Au terme d’une longue procédure, précédée d’une longue bataille juridique, l’ex-président tchadien a été condamné à la prison à perpétuité, pour crimes contre l’humanité notamment. Le procès s’est déroulé à Dakar, au Sénégal, instruit par un tribunal spécial africain. Une première, qui (on peut l’espérer) fera date.
Le tribunal spécial qui jugeait l’ex-président tchadien Hissène Habré à Dakar l’a reconnu coupable, ce lundi 30 mai, de crimes contre l’humanité et de crimes de guerre. M. Habré est donc condamné à la prison à vie. Le tribunal l’a également reconnu coupable de viols, exécutions, esclavage et enlèvements.
Poursuivi pour « crimes de guerre, crimes contre l’humanité et crimes de torture », Hissène Habré a dirigé le Tchad pendant huit ans (1982-1990), avant d’être renversé par un coup d’Etat mené par l’un de ses anciens collaborateurs, l’actuel président Idriss Déby Itno. Hissène Habré s’est alors réfugié au Sénégal. Dans les années suivantes, des victimes, parfois regroupées en associations, n’ont eu de cesse de faire condamner l’ancien dictateur pour ses crimes présumés, et pour lesquels il est désormais reconnu coupable. Le nombre de personnes tuées pendant le « règne » d’Hissène Habré s’élèverait à 40.000.
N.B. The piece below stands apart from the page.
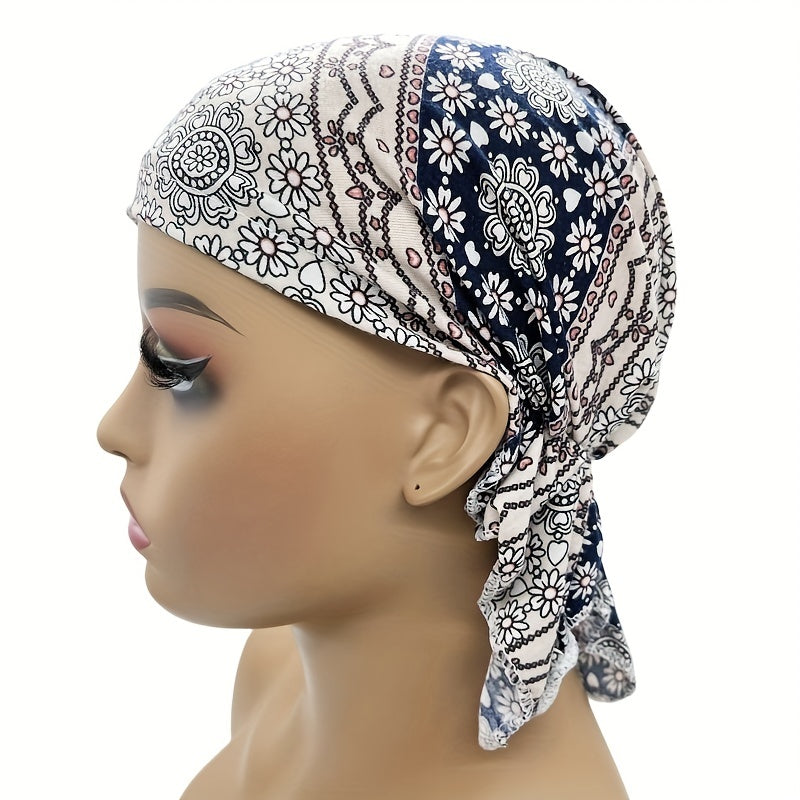 Boho Floral Print Turban Cap Pre tied Bandana Headwrap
Finalement arrêté en juin 2013, au Sénégal, il était jugé depuis le 20 juillet 2015 par les Chambres africaines extraordinaires (CAE), créées à la suite d’un accord entre le Sénégal et l’Union africaine (UA). Cour que l’accusé… récusait, et devant lesquelles il refusait de s’exprimer. Il récusait également ses avocats à intervalles réguliers, provoquant plusieurs reports du procès.
Ce lundi, la Belgique s’est félicitée du bon déroulement du procès. Un procès sans précédent, puisqu’il s’agit du premier du genre organisé en Afrique pour juger un ancien président. Le procès qui s’est achevé hier est d’ailleurs le premier au monde dans lequel un ancien chef d’Etat est traduit devant une juridiction d’un autre pays pour violations présumées des droits de l’homme. L’organisation de ce procès répondait à un reproche fréquemment formulé en Afrique, à différents niveaux, à savoir que ce type de crime n’était jamais jugé en Afrique, mais toujours par des cours spéciales organisées à l’étranger.
La Belgique a, dans un communiqué publié par le Service public fédéral (SFP) Affaires étrangères, « félicité le Sénégal pour son courage et sa détermination à rendre justice aux victimes, permettant de faire avancer la lutte contre l’impunité« .
La Belgique avait, depuis 2005, délivré un mandat d’arrêt à l’encontre de Hissène Habré, et adressé aux autorités sénégalaises une demande d’extradition restée sans réponse. La Belgique a alors saisi la Cour internationale de Justice (CIJ) en 2009 de son différend avec Sénégal dans cette affaire. La CIJ a rendu sa décision en 2012, sommant le Sénégal de poursuivre pénalement Hissène Habré ou, à défaut, de l’extrader vers la Belgique.
C’est la première option qui a été donc été retenue, avec le résultat que l’on connaît depuis hier.